Archive for November, 2008

Nov 28 2008

Obama and Facebook, Surowiecki and crowds, social media and the Panopticon

Published by Fran under culture

Following on from my post the other day, it occurred to me that Jeremy Bentham’s Panopticon is a bit like social media. We enforce a social norm not through pressure but through constant mutual observation.

This post on the election of Obama and the Facebook effect seems to be a different slant on the same idea: Unit Structures – Regarding the Facebook Effect. Fred Stutzman claims “Social Networks like Facebook reveal our lives to one another in novel and interesting ways. I’m able to friend you and watch your life pass by in a News Feed. Because of the pragmatics of daily life I probably wouldn’t be able to keep up with that information otherwise. A side effect of this is that I’m also influenced by you - your decisions about the information you share or the identity you create…Obama was not elected because of a “Facebook Effect.” No, what happened is that the internet helped us pull the veil back on one another.”

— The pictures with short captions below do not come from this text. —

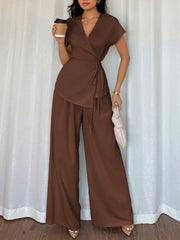 Shein Elenzga Women's Elegant Wrap Batwing Sleeve Blouse and Loose Wide Leg Pants 2 Pieces Set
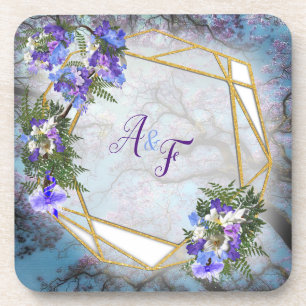 Jacaranda-Blüten & Lilien-Blumenuntersetzer Getränkeuntersetzer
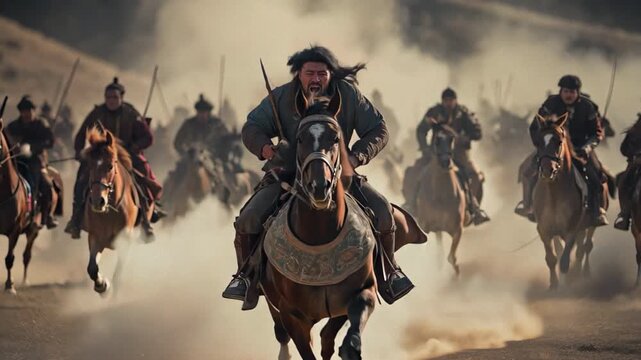 A determined warrior leads a cavalry charge through dust and chaos.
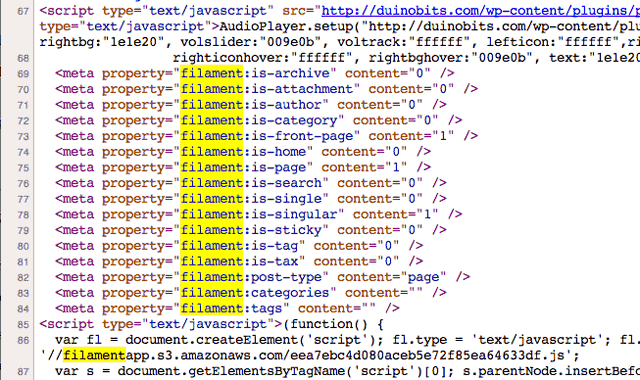 meta-tags de filamentos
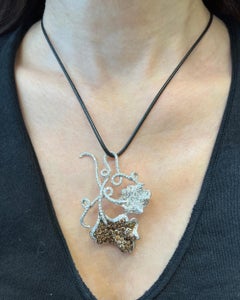 Ambrosi 18K White Gold Champagne & White Diamond Pendant, Italy, 2010s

Stutzman sees this as a positive “moderating” effect, but it seems rather like the “dark side” of social media discussed by James Surowiecki in The turning point for social media | Video on TED.com. Surowiecki argues that the “wisdom of crowds” only works when the members of the crowd think as independently as possible, but that when you join a network or group, you begin to lose some of that independence. The network influences what seems to be important (”groupthink”) and independent thought can actually suffer as a result. He uses the analogy of ants who get trapped in a “circular mill” where they just follow each other round and round in a circle until they die. This is the “dark side” of social media, which contrasts with the positive power of distributed intelligence.

So, although it is good to share, if we watch each other too assiduously, we risk losing the individuality and independence that made us intelligent in the first place. We may be social creatures, but it does us good to be a little bit anti-social too!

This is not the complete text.